Input records -
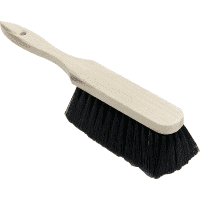 Industriehandfeger, für feinen Schmutz, unlackiert Qualitätsmischung,30cm,10/VE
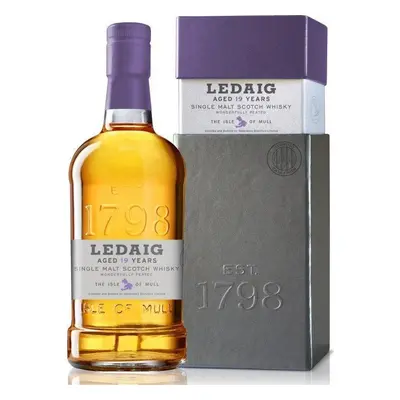 Ledaig 19 yo OLOROSO Cask Finish 46,3% 0,7 l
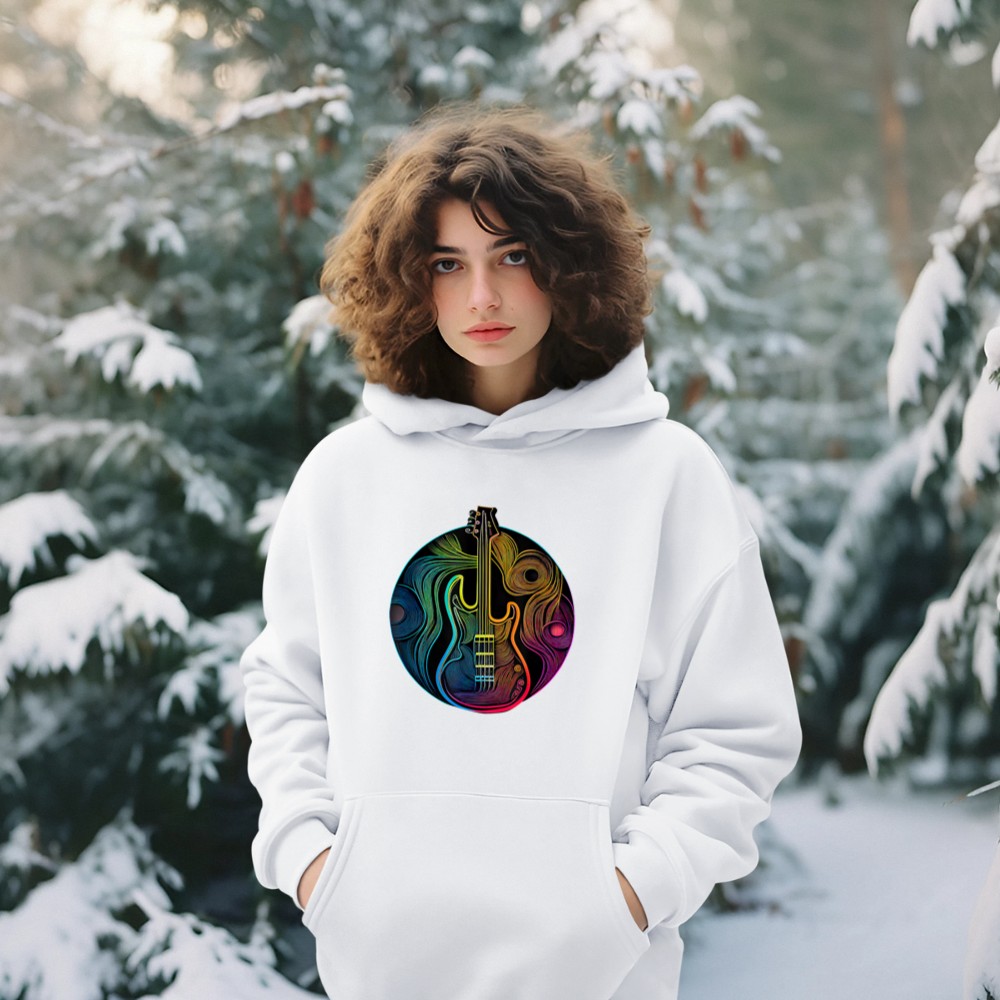 Low-End Legends: The Ultimate Bass Guitarist Hoodie That Keeps Your Groove Warm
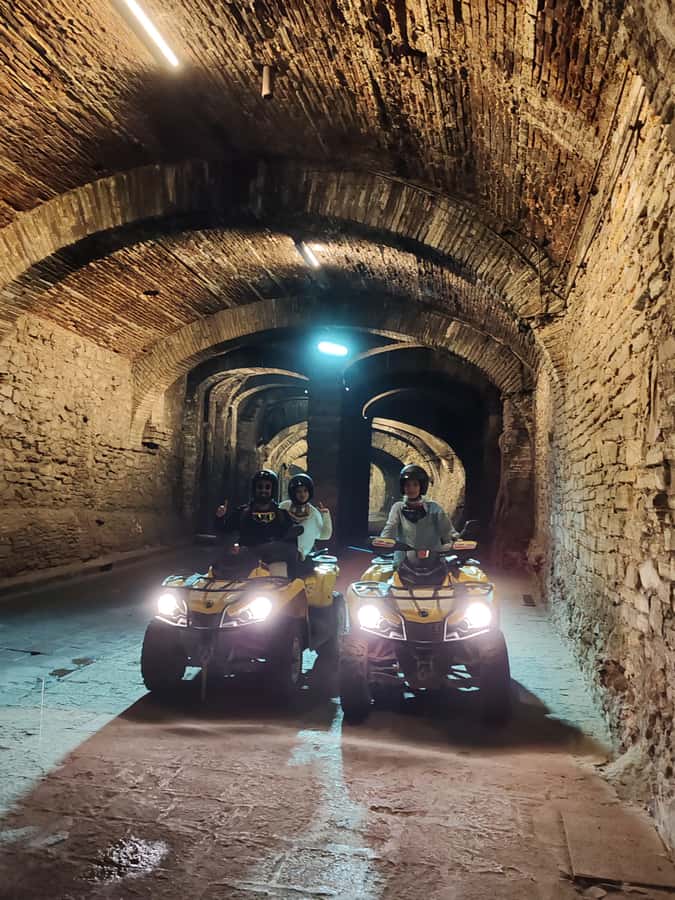 Quad biking in the Sierra de Santa Rosa - Starting Point and Tour Duration in Guanajuato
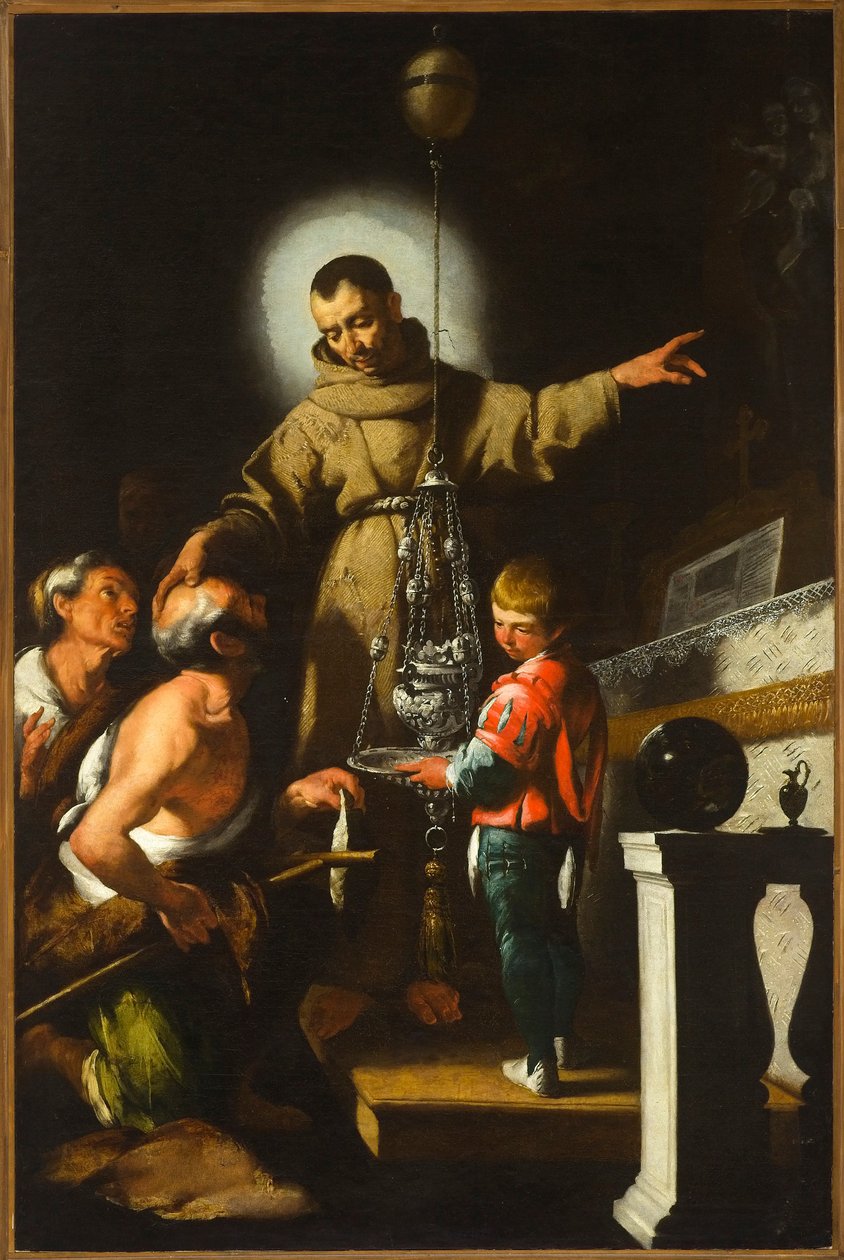Pyhän Didacuksen ihme tekijältä Bernardo Strozzi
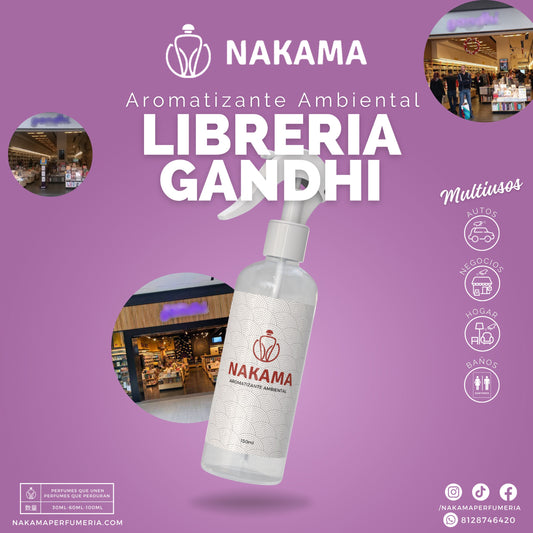 AA118 LIBRERIA GANDHI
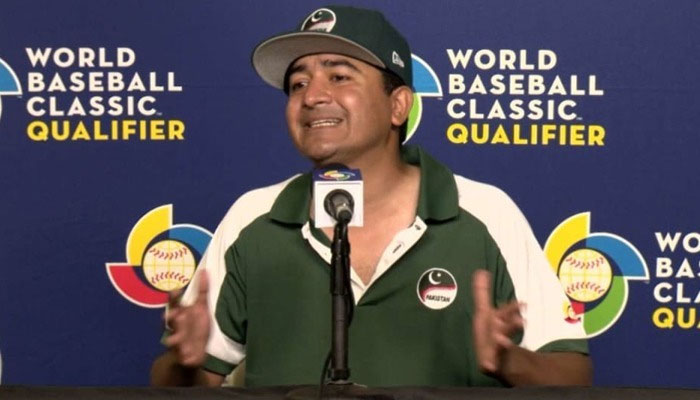 Secretary Baseball Federation Syed Fakhar Shah banned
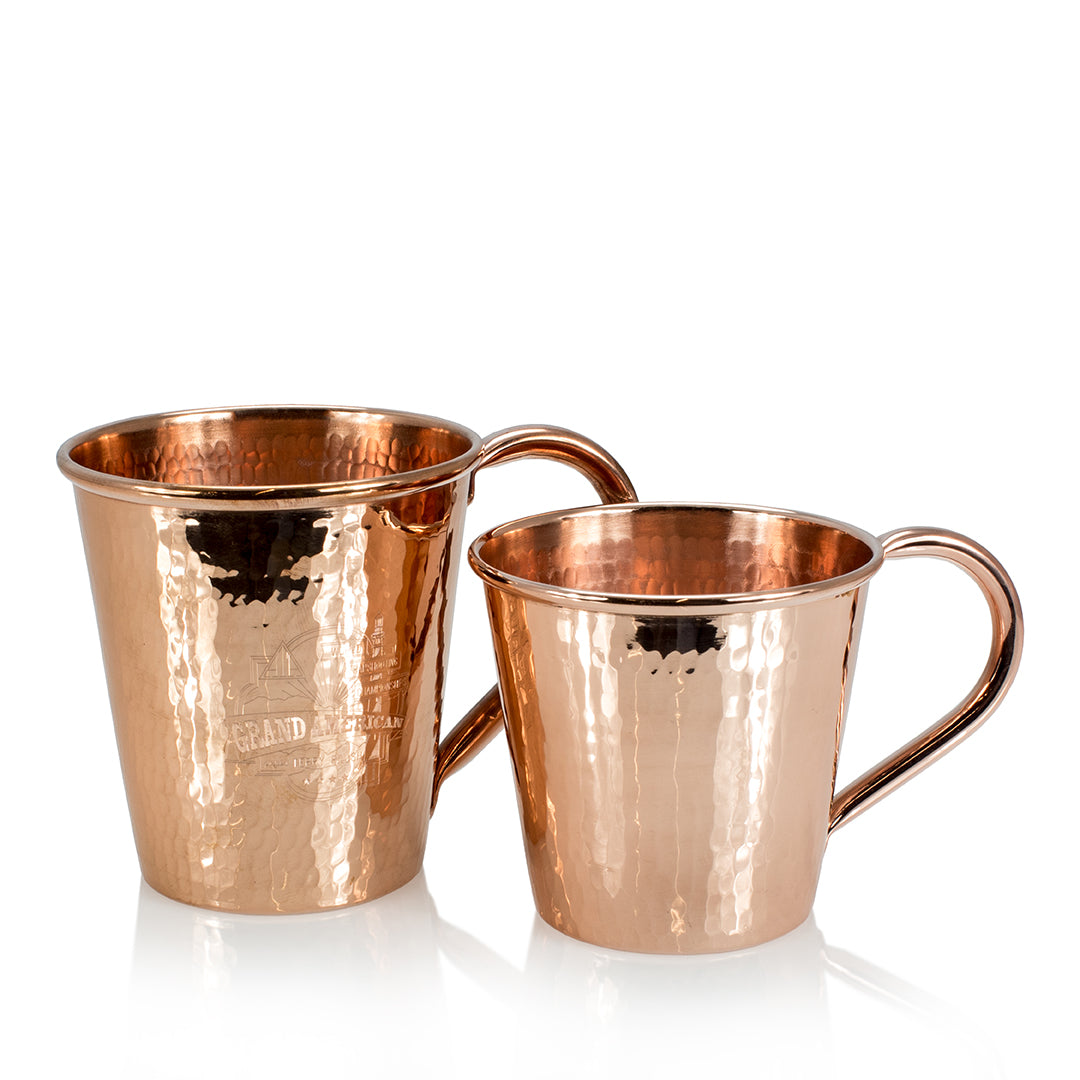 Copper Moscow Mule Mug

Try it - Please return every record above exactly, but leave out the pictures.

Problem solution -
 Industriehandfeger, für feinen Schmutz, unlackiert Qualitätsmischung,30cm,10/VE
 Ledaig 19 yo OLOROSO Cask Finish 46,3% 0,7 l
 Low-End Legends: The Ultimate Bass Guitarist Hoodie That Keeps Your Groove Warm
 Quad biking in the Sierra de Santa Rosa - Starting Point and Tour Duration in Guanajuato
Pyhän Didacuksen ihme tekijältä Bernardo Strozzi
 AA118 LIBRERIA GANDHI
 Secretary Baseball Federation Syed Fakhar Shah banned
 Copper Moscow Mule Mug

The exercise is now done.